Backgrounded processes

The first drastic improvement for The Little Laptop That Could was what made me decide this thing wasn’t a hopeless case.

Backgrounding the network daemon is a sure-fire bet to get things up and running faster, and that’s what sold me on the idea of keeping this box. I added an “at” sign (the @ 😉 ) to the network daemon in the trigger line in rc.conf, and now I don’t hang the entire system waiting for DHCP to authenticate.

I appreciate the fact that some people, like samba users, might need to be sure the network is running before going any further. But for my purposes, I can authenticate with the router while the rest of the boot process continues.
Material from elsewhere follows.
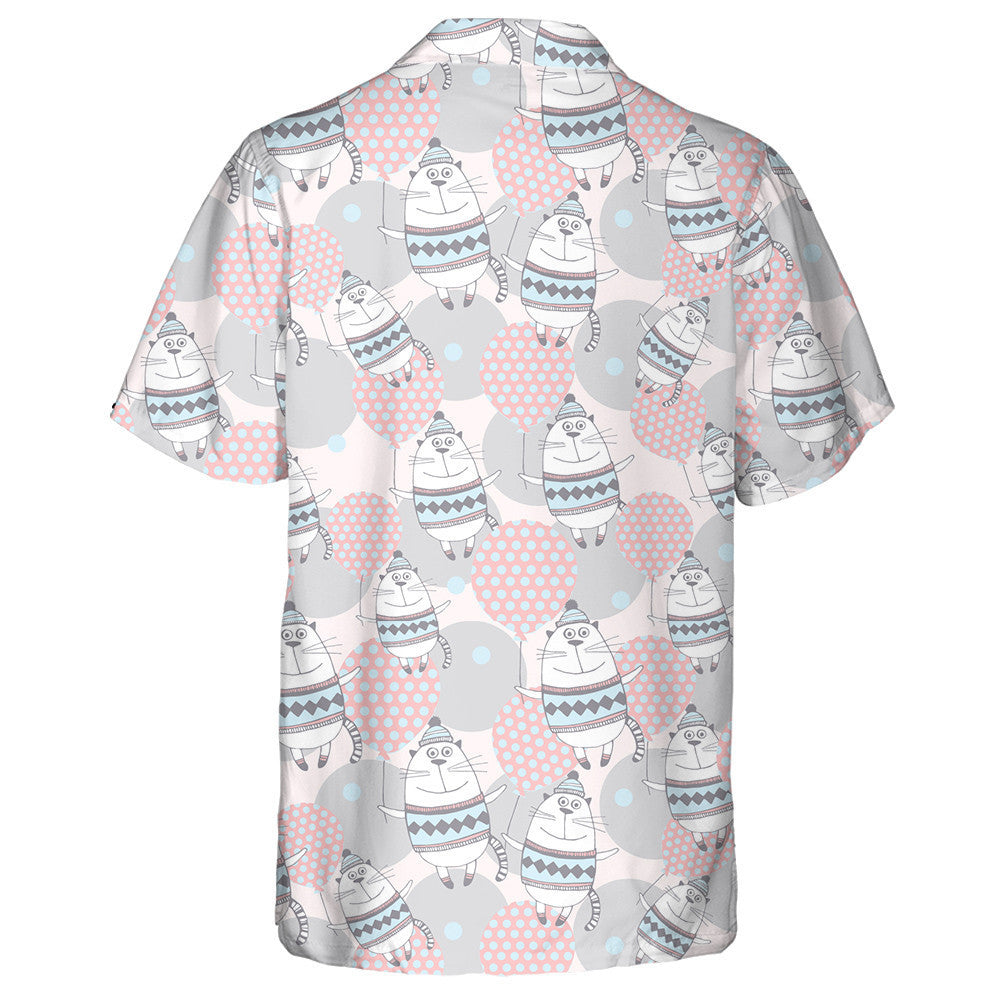 Gentle Cartoon Background With Cute Cats With Balloons Hawaiian Shirt, Hawaiian Shirt Gift, Christmas Gift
Like anything else, what you background is going to depend on what you use and what you need. If you mount network drives, or want specific embellishments, some of it can be pushed into the background, but others will have to stay in focus. Test and see what works. If it doesn’t, put it back like you found it.

Since that worked so well for me, I went ahead and backgrounded a few other processes: crond, acpid and alsa.

Sound is really something I should consider dumping altogether on this laptop, but I have a soft spot for it. I like the idea of plugging my new headphones in and listening to Groove Salad. And I play old Commodore 64 games on this, and Bruce Lee just isn’t the same without sound. Of course, if I get rid of sound, I lose alsa and all the sound modules, which would no doubt speed up my boot process. … Hmm. Maybe I’ll try it, just as an experiment.

Along those same lines, I have a soft spot for acpid, which allows me to shut down the laptop at the press of a button. Vanity, I supposed, but one of the few I will allow. It too can go, if only for the sake of science.

So I background a lot of processes. I also removed pcmcia and hotplug (which are disabled by default), as well as netfs since I don’t mount any filesystems on this machine. (I actually do have an Ubuntu laptop that acts as an nfs server that I could link to for music files, but that’s sitting four feet to the right and has a proper speaker system attached. It’s just not necessary.)

A different machine might need different things under different circumstances; if I run into a different setup, I’ll pick and choose appropriately.